◆ GIVEN INFORMATION:

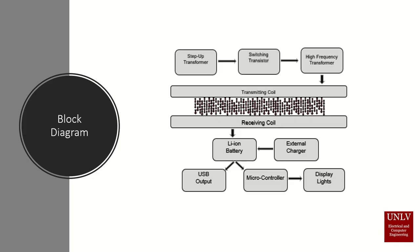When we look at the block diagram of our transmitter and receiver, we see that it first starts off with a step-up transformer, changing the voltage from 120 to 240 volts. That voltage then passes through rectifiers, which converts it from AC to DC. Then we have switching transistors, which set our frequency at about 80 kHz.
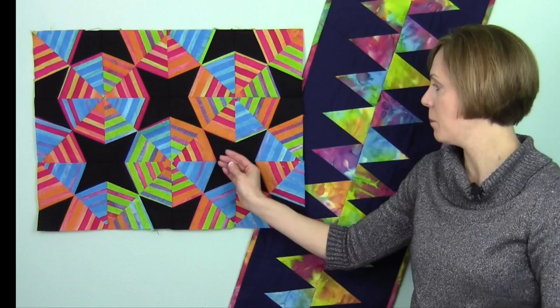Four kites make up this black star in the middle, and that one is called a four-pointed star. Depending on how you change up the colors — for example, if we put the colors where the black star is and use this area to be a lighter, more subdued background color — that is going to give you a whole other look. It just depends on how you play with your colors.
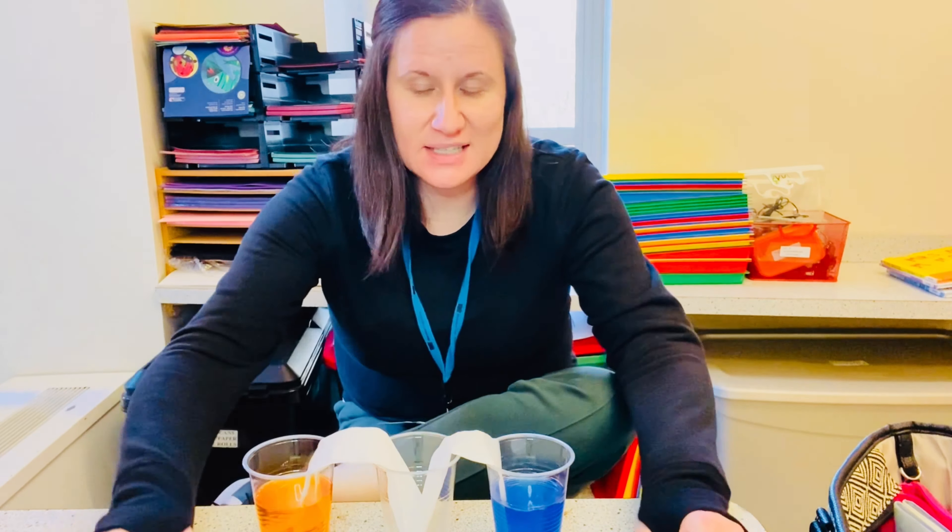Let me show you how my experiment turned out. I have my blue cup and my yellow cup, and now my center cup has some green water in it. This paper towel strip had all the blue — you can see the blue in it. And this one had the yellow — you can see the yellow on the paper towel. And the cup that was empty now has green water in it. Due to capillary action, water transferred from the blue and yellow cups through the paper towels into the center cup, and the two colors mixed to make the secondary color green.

◆ EXERCISE DESCRIPTION:
Leaving out the images, repeat the listing above exactly.

◆ SOLUTION BELOW:
When we look at the block diagram of our transmitter and receiver, we see that it first starts off with a step-up transformer, changing the voltage from 120 to 240 volts. That voltage then passes through rectifiers, which converts it from AC to DC. Then we have switching transistors, which set our frequency at about 80 kHz.
Four kites make up this black star in the middle, and that one is called a four-pointed star. Depending on how you change up the colors — for example, if we put the colors where the black star is and use this area to be a lighter, more subdued background color — that is going to give you a whole other look. It just depends on how you play with your colors.
Let me show you how my experiment turned out. I have my blue cup and my yellow cup, and now my center cup has some green water in it. This paper towel strip had all the blue — you can see the blue in it. And this one had the yellow — you can see the yellow on the paper towel. And the cup that was empty now has green water in it. Due to capillary action, water transferred from the blue and yellow cups through the paper towels into the center cup, and the two colors mixed to make the secondary color green.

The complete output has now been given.